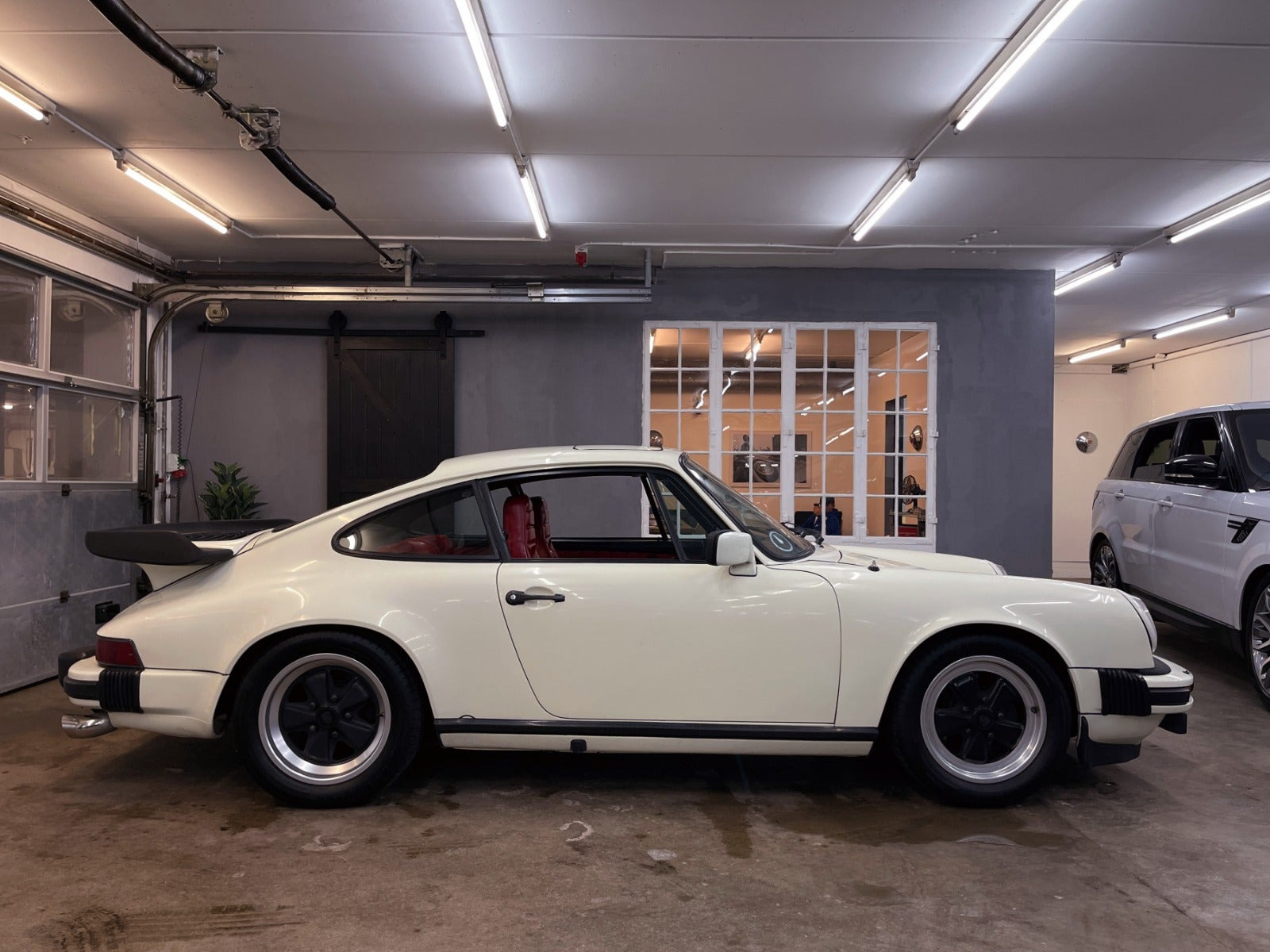 Hvid Porsche 911 fra 1982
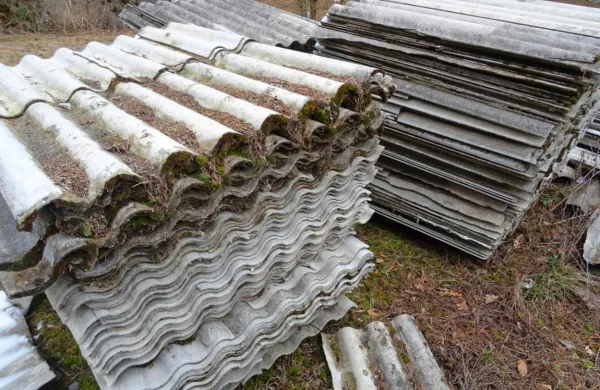 Tudi v Izoli je po garažah in vrtovih precej azbestnih odpadkov. 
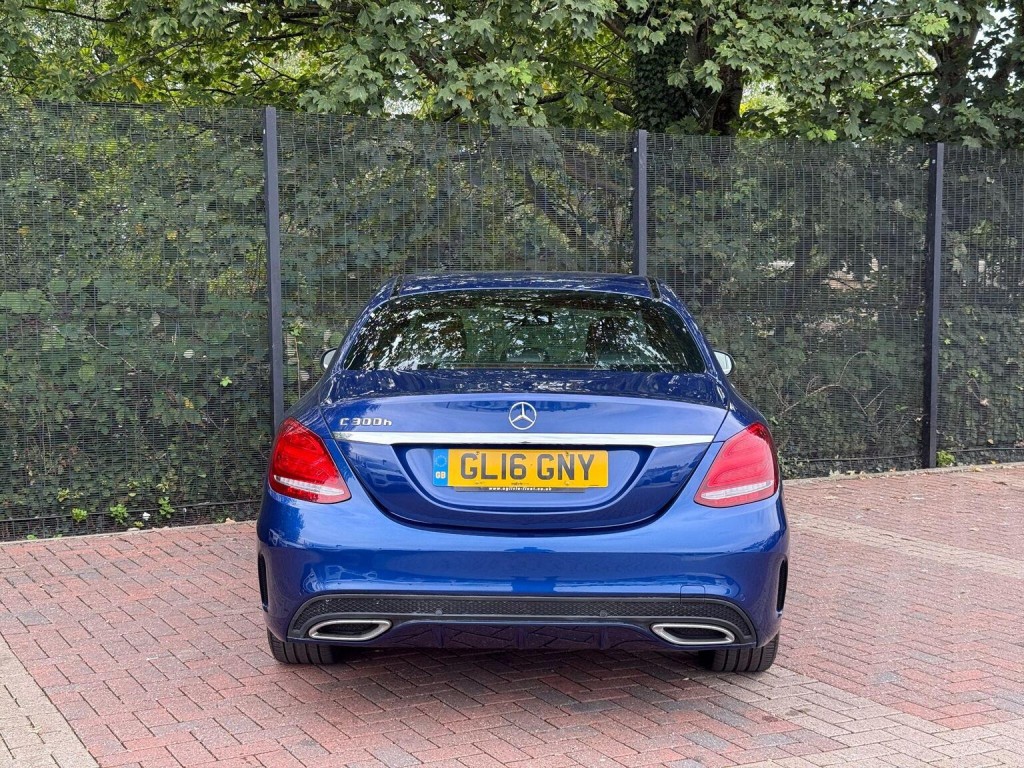 MERCEDES-BENZ C CLASS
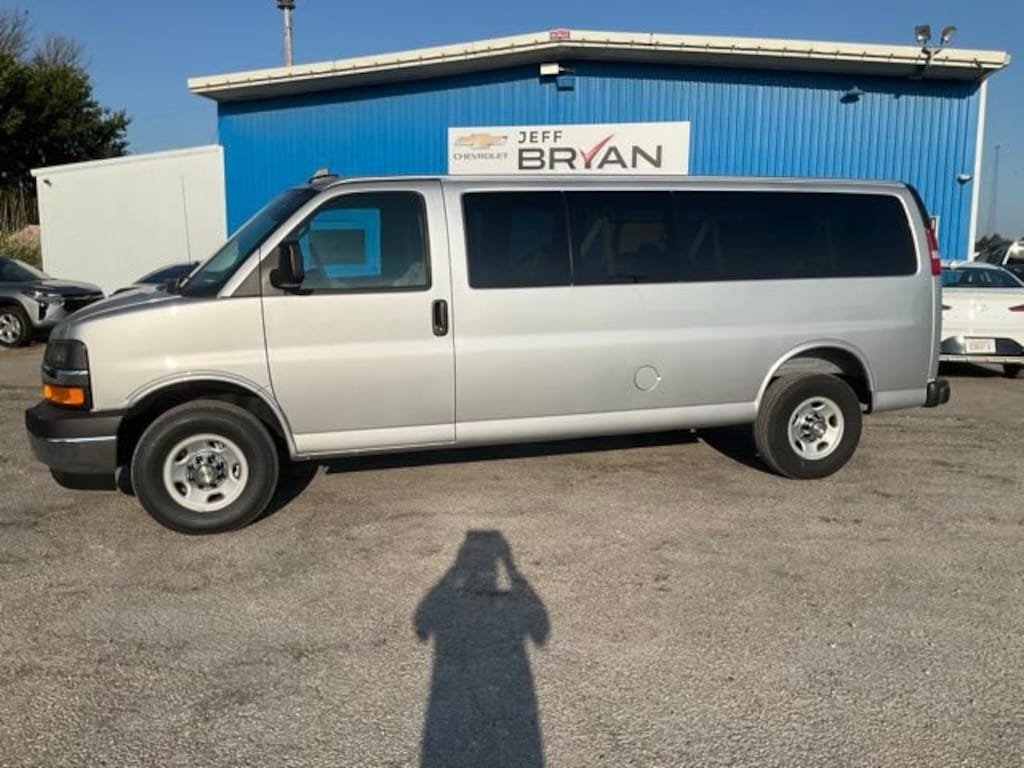 New 2026 Chevrolet Express Passenger 1LT Van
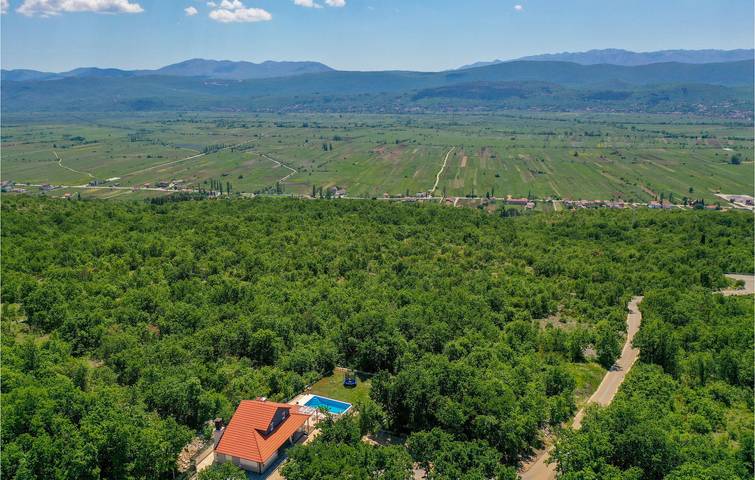 Sonniges Apartment mit Pool und Parkplatz – WLAN inklusive in Imotski, Makarska Riviera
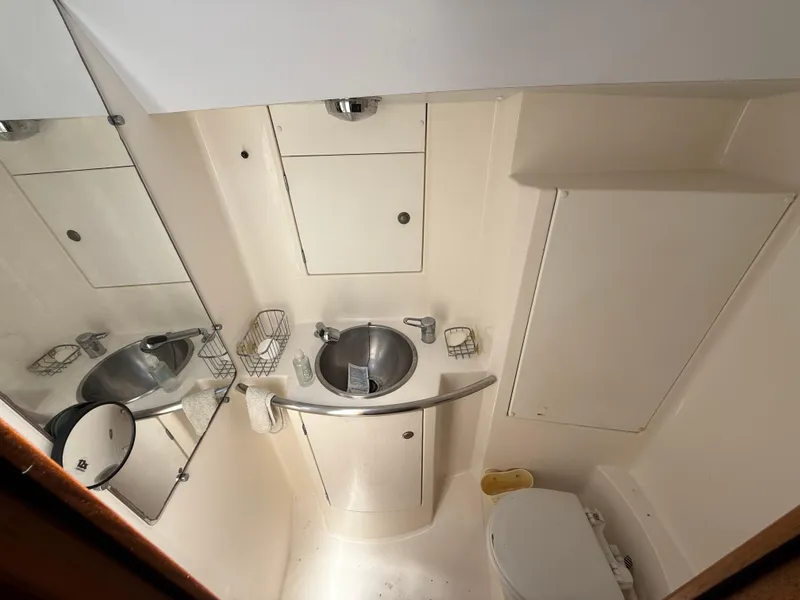 Slide: The Image of Jeanneau Sun Odyssey 42.2 1999 - 63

▸ **TASK BRIEF**
Quote exactly, and only, the lines from the line containing "New 2026 Chevrolet Express Passenger 1LT Van" through the final line of the records above, both included, omitting any pictures.

▸ **EXERCISE RESPONSE**
 New 2026 Chevrolet Express Passenger 1LT Van
 Sonniges Apartment mit Pool und Parkplatz – WLAN inklusive in Imotski, Makarska Riviera
 Slide: The Image of Jeanneau Sun Odyssey 42.2 1999 - 63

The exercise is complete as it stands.